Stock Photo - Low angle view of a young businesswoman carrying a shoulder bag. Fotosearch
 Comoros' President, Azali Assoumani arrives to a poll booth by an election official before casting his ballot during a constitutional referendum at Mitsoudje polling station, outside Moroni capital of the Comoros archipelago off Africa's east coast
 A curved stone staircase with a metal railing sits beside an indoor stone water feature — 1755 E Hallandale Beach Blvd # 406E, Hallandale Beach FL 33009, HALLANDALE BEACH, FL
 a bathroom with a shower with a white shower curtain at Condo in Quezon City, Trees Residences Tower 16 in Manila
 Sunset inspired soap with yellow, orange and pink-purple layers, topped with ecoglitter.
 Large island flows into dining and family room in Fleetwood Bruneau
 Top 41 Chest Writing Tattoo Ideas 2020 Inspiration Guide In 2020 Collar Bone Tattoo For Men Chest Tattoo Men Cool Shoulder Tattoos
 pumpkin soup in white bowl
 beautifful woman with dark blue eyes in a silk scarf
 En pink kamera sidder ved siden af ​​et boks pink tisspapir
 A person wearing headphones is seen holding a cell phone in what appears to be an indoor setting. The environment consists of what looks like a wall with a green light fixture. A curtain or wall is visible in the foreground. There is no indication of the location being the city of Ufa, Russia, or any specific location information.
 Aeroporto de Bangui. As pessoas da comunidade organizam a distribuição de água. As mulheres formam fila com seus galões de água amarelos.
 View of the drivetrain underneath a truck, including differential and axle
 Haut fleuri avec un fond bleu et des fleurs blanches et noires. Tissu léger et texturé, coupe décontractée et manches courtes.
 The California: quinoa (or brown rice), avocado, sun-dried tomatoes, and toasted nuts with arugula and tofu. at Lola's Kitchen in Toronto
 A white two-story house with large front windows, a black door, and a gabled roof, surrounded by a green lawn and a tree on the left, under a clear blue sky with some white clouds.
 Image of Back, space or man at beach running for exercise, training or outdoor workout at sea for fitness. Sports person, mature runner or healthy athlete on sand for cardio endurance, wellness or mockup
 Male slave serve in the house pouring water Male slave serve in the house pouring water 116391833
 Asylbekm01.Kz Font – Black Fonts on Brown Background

---------------

Looking at the entries above, determine how many lines contain the word "house" and state only that number.

_Your response_
2